Jose Caceres, MD, from Jacobi Medical Center/Albert Einstein College of Medicine, recently presented research at the 2014 American Thoracic Society International Conference that adds fuel to the “obesity paradox phenomenon.” Whereas obesity (higher body mass index, or BMI) is usually associated with poorer health outcomes, Dr. Caceres’ research shows obese severe pulmonary hypertension patients actually have a reduced mortality risk.
“In our study of more than a thousand patients with significant pulmonary hypertension, we found that a higher BMI was associated with a reduced mortality risk, even after adjustment for baseline characteristics,” said M. Khalid Mojadid, MD, co-researcher of Dr. Caceres, in a news release. Their retrospective study of 1137 severe pulmonary hypertension patients–361 with a normal BMI, 639 with an obese BMI, and 137 with a morbidly obese BMI–showed that one-year mortality rates were 34.1%, 22.8%, and 12.4%, respectively.

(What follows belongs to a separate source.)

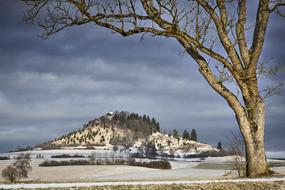 Tree Nature Landscape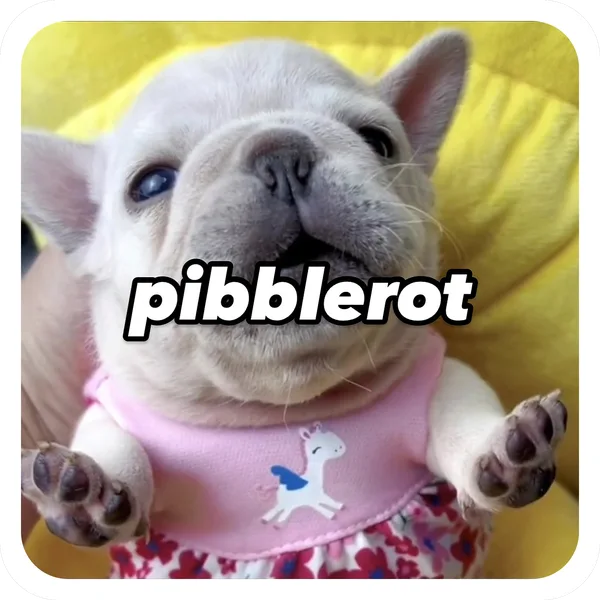 Pibblerot Dress, Pibble Batch 01 common sticker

However, one-year readmission rates were not significantly different.
“An obesity paradox may also occur in patients with significant pulmonary hypertension,” said lead author Dr. Ronald Zolty.

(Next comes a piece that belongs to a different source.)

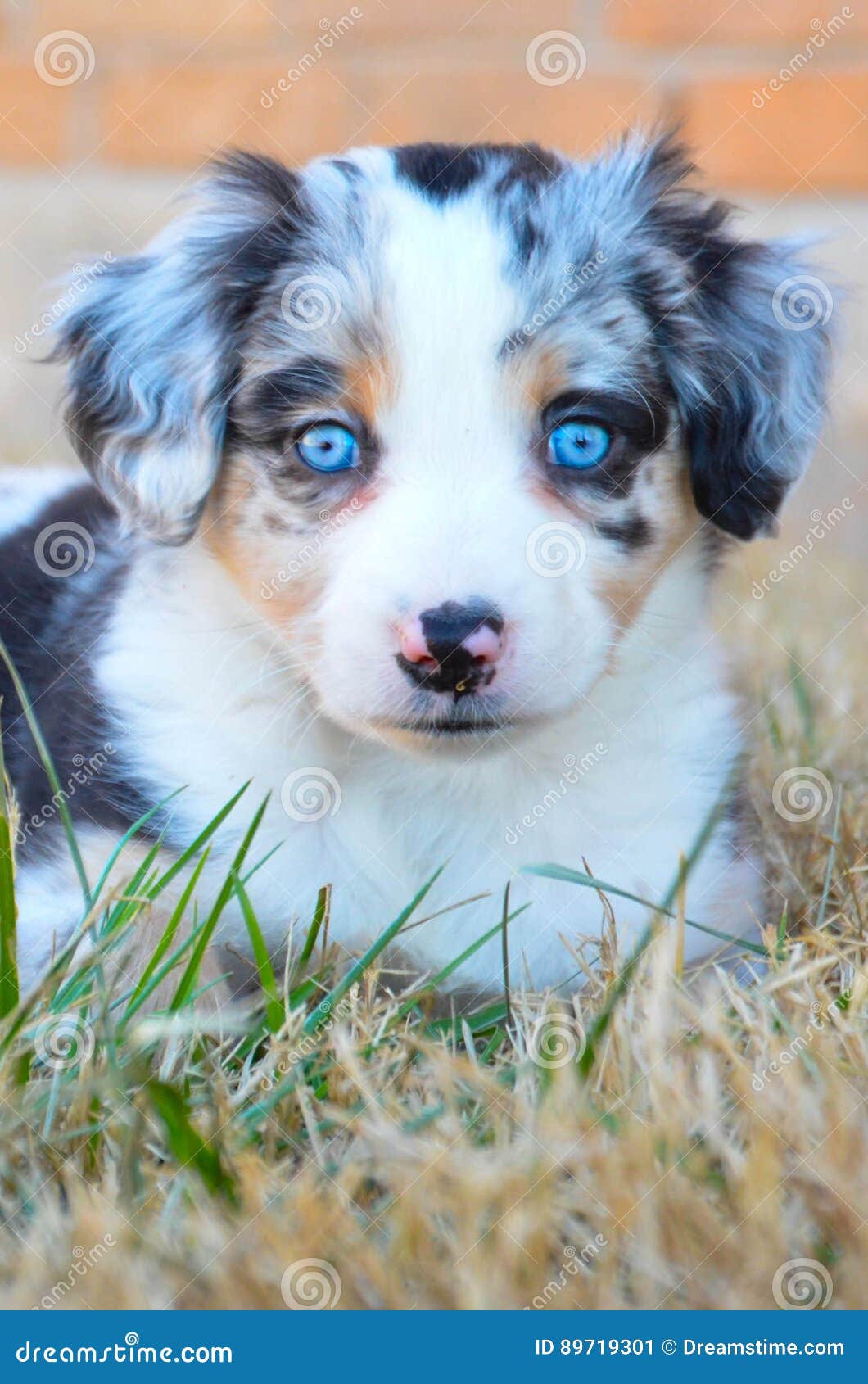 Australian Puppy Blue Merle Stock Image - Image of 89719301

The researchers were originally concerned about the role obesity plays in the onset of pulmonary hypertension. “Obesity-related illnesses, particularly obesity hypoventilation syndrome and sleep apnea, may play a role in the development of pulmonary hypertension, and so we examined whether the protective effects of obesity seen in patients with heart failure were also seen in these patients,” said Dr. Caceres.
Dr. Zolty has one theory behind the paradox in relation to pulmonary hypertension: “A possible mechanism underlying this phenomenon is increased serum lipoproteins associated with increased body fat, which may play a role in neutralizing circulating toxins and inflammatory proteins.”
The 2014 American Thoracic Society Conference was held in San Diego May 16-21.